Andy Stevens, General Manager of Transtech Parallel Systems in Ithaca, N.Y., points out that military and aerospace electronics customers typically have a large imaging component to their applications. "If the problem can`t be solved with a single processor, that`s where we come in with multiple-processor solutions. Although we`re looking for high performance, we also need a straightforward interconnection architecture that allows efficient processor-to-processor and processor-to-host communication."

Specifications and real-world performance often are quite different, cautions Steve Curtin, marketing manager at VME DSP board designer Ariel Corp. in Cranbury, N.J. "There`s a difference between megaflops and useable megaflops," Curtin says. "The bottom line is overall performance, and just putting a lot of DSPs on a board doesn`t accomplish much if they don`t communicate well. The board architecture has to take into consideration how data is moved on and off the board, interprocessor communication, and memory-access time."

Fixed point vs. floating point

Given the large computational loads of most military and aerospace electronics applications, designers implement general-purpose floating-point DSPs far more widely than fixed-point devices. "In addition to ruggedization and cost issues, defense OEMs are looking for raw power and as many megaflops as possible, which translates into high-performance floating point DSPs," explains Ariel`s Curtin.

Military and aerospace electronics designers also need DSPs that are highly-scaleable to enable them to implement not only large numbers of interconnected processors on boards, but also large numbers of boards in systems. These parameters alone quickly narrow the field of competitive DSP products.

Although the total $144 million floating-point DSP market today represents only 6 percent of the $2.3 billion worldwide DSP market, the floating point market is growing faster than fixed point - 54 percent annually - and should reach $1.4 billion by 2001, according to Forward Concepts figures. Driving the floating-point DSP market are decreasing prices and improving software tools. The fixed-point market, meanwhile, will grow 37 percent annually and should reach $10.7 billion by 2001, say Forward Concepts experts.

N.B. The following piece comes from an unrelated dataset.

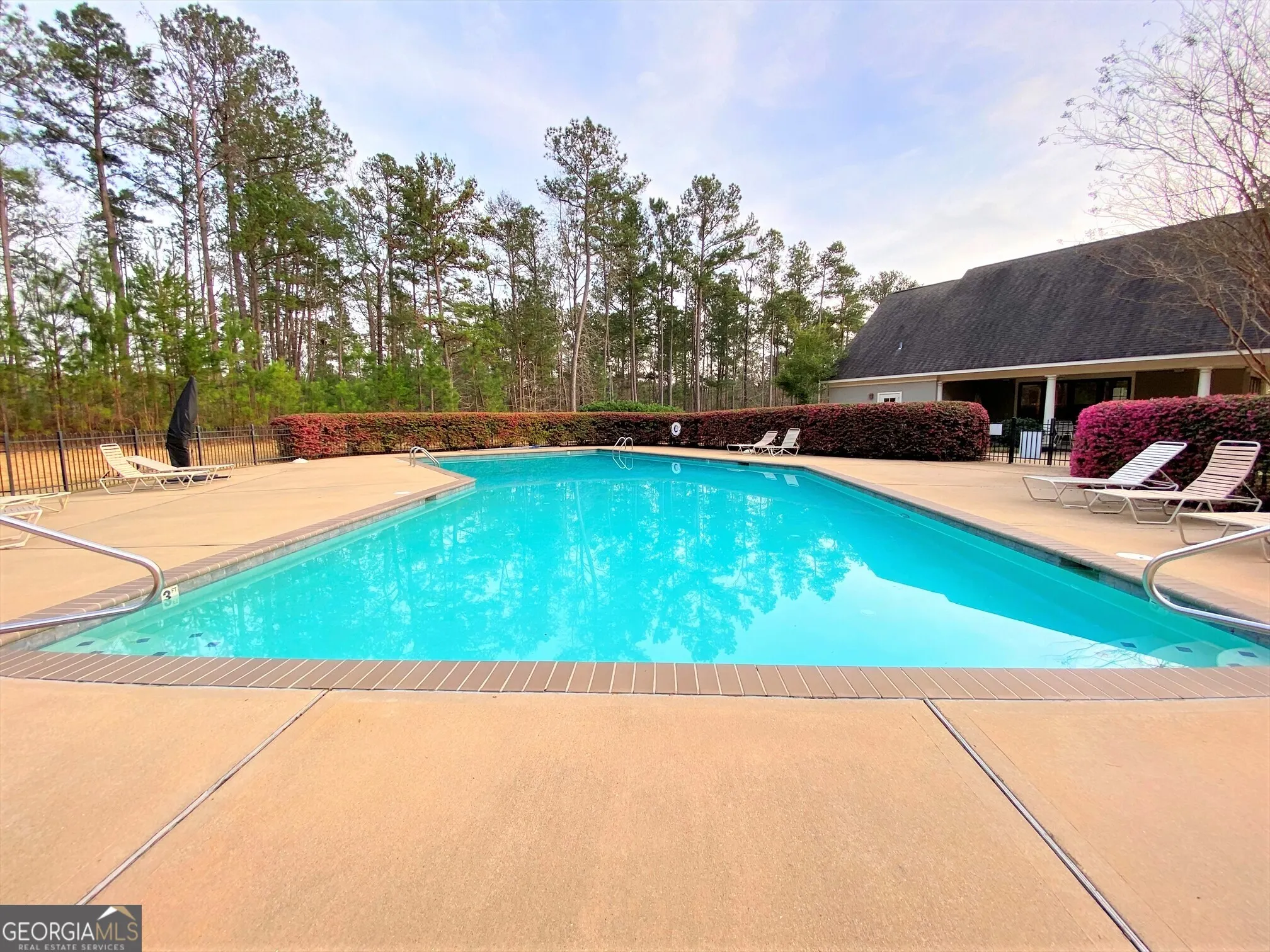 354 Willow Pointe Drive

Although special-purpose DSPs and custom application-specific integrated circuits (ASICs) are still in demand for close-to-sensor "upstream" processing because of their data-independent vector processing, fast Fourier transform (FFT), and convolutional performance, high-performance general-purpose DSPs are proving themselves capable of handling an increasing amount of the overall signal-processing load.

"Today`s fixed-point, general-purpose processors are generally too slow for upstream applications, but the technology is quickly reaching the point where they will be able to replace custom ASICs," says Alacron`s Sgro, who points out that floating point processors become more efficient as data streams get further away from the sensor. "Ultimately, we`ll see a migration to heterogeneous systems with both fixed-point and floating-point general-purpose DSPs," Sgro says.

RISC processors

RISC processors that have not succeeded commercially had better success among military and aerospace electronics designers because of the need for determinism and real-time operation, says Ariel`s Curtin. "Whereas a DSP pipeline is flushed every instruction, with its state known at every clock cycle, this is harder to do with RISC pipelines. DSPs also handle interrupts more efficiently."

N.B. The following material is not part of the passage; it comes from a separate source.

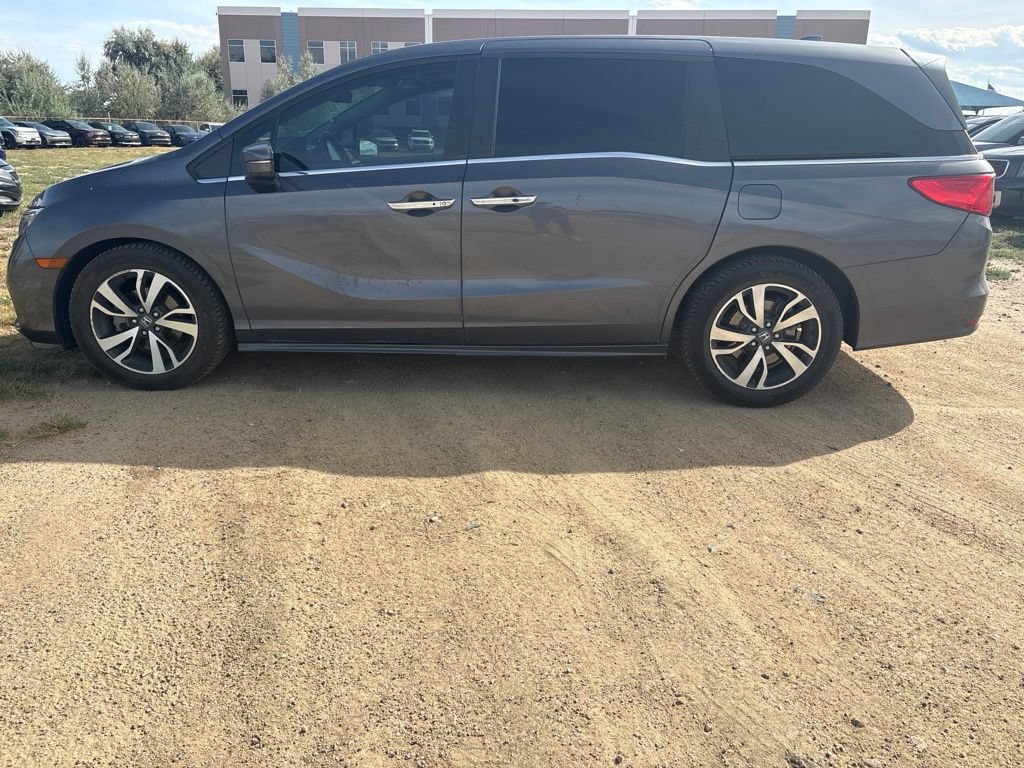 Used 2022 Honda Odyssey Touring image 2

DSPs are also generally easier to program in assembly language than RISC devices, which can boost performance in most systems. Although most designers use C code for overall functionality, they usually program their time-critical functions in assembler.

On/off chip I/O is another important factor for military and aerospace electronics systems, which makes DSPs specifically designed with communication, link, and serial ports for direct processor and interprocessor communications most appealing. Designing these interfaces with RISC devices is much more difficult, and their performance will not be as high, experts say.

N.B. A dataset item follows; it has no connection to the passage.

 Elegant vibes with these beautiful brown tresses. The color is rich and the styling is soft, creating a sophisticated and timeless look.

"Depending on your compute model, you can either separate your processing functions between arithmetic units and a control processor, or you can combine both functions in one package, both of which have pros and cons," says Alacron`s Sgro.

Most military applications tend to have extremely high floating point and I/O requirements leading to large parallel arrangements of high-throughput floating-point chips instead of symmetric RISC multiprocessors.

PowerPC captures RISC niche

Still, RISC-based processors such as the Intel I860 continue to be popular in military and aerospace electronics applications as complementary processors in hybrid systems. "Although we have designed with the I860 in the past, which had both RISC and DSP capability, this was a unique case and doesn`t appear that it will happen again," says Bernard Pelon, director of marketing for CSPI in Billerica, Mass.

Pelon says DSPs are already differentiating themselves significantly from RISC processors - a trend, he predicts, that will continue in the future. New high-speed specialized DSPs such as the SHARC provide distinctly different performance attributes from high-performance general-purpose RISC processors such as the IBM/Motorola PowerPC.

Nevertheless, Pelon observes that military and aerospace electronics designers want both kinds of capabilities. "The challenge is to integrate the capabilities of both processor types into one system without burdening the customer with the details of the devices." CSPI`s solution is to provide a bridge from the I860 to the PowerPC together with integrated high-speed connectivity to next-generation DSPs, Pelon says.

CSPI`s MAP-2610 board combines Myrinet high-speed network technology with the 200 MHz PowerPC 603. The 6U 400-megaflop VME board is designed around the PCI bus and includes a PCI-VME bridge. The PCI bridge links the PowerPC bus to the 33 MHz 64-bit PCI local bus and to an optional companion VME MAP-SW-10 board which contains a PCI carrier and two PCI mezzanine card (PMC) slots in addition to the Myrinet network chipset. The carrier board can hold CSPI`s 4- and 8-SHARC PMC processor units, or other I/O options such as FPDP 32 parallel, VSB, ATM, and FDDI. "The SHARC units were first, but we will continue to enhance the fabric with other high-performance DSPs from both TI and Analog Devices," Pelon says.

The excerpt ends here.